Build CodeQL

sqltoelastic - cli tool for exporting data from relation databases and importing into elasticsearch.

Usage

Usage: sqltoelastic <configfile>

Supports MySQL, PostgreSQL, and SQL Server. Will probably not work with older elasticsearch version which requires doctype. Using HttpClient and the _bulk endpoint in elasticsearch, i.e. not any bloated nest client. Patches are welcome! :)

Config file

The config file should be a json file, format below. Optional fields may be set to empty string/empty array. Example files in tests folder: configMysql.json, configPostgres.json and configSqlserver.json.

{
  "dbprovider": "",         # Name of database provider.

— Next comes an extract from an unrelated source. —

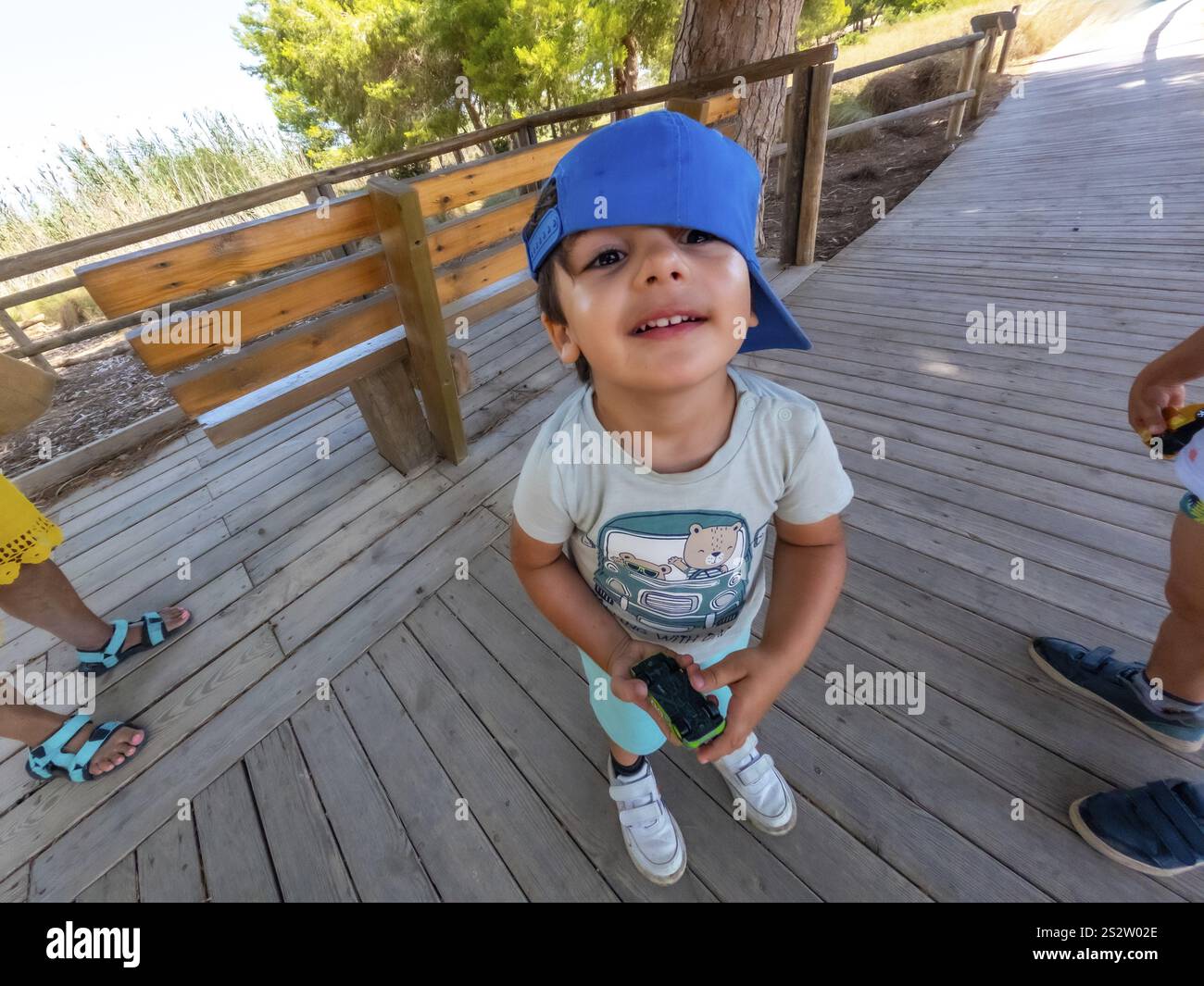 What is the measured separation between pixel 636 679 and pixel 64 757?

Valid values: mysql/postgres/sqlserver
  "connstr": "",            # Database connection string.
  "sql": "",                # Select query.
  "elasticserverurl": "",   # Url to elasticsearch. Example: http://localhost:9200
  "cacertfile": "",         # Optional. Assume https cert is ok, if signed using this ca cert file.
  "allowinvalidhttpscert": false,  # Optional, default false. Don't validate https cert.
  "username": "",           # Elasticsearch username.
  "password": "",           # Elasticsearch password.
  "indexname": "",          # Prefix of elasticsearch index, will be composed to: indexname-{yyyy.MM}
  "timestampfield": "",     # Column that should be used as @timestamp (and index suffix).
  "idfield": "",            # Field that should be used for _id.
  "idprefix": "",           # Optional. Prefix text that should inserted into _id value.
  "toupperfields": [],      # Optional. Fields whose values should be upper cased.
  "tolowerfields": [],      # Optional. Fields whose values should be lower cased.
  "addconstantfields": [],  # Optional. Add contant field, using name=value syntax. Example: "zzz=999" and "extradate=2022-01-01T01:02:03"
  "expandjsonfields": [],   # Optional. Fields that contains json that should be expanded.
  "deescapefields": []      # Optional. Fields that contains backslash and/or quotes that should be de-escaped.
}

Environment variables

All config values in the config file can be overridden by using environment variables instead, which has precedence over values from the config file. To specify a value using an environment variable, precede the name of the value with "SQLTOELASTIC_", and then add the upper cased name of the value. E.g. SQLTOELASTIC_PASSWORD for replacing the password value. Multivalue values (arrays) should be comma separated.

Incremental scheduled run

A common use case is to only copy newly added/modified rows in a sql database, to elasticsearch. Please setup cron to run sqltoelastic for this, in combination with a sql query that includes a where condition using a date column relative to the current date, perhaps with some overlap to prevent jitter timing problems. Of course also make sure the id field is consistent to prevent duplicates in elasticsearch.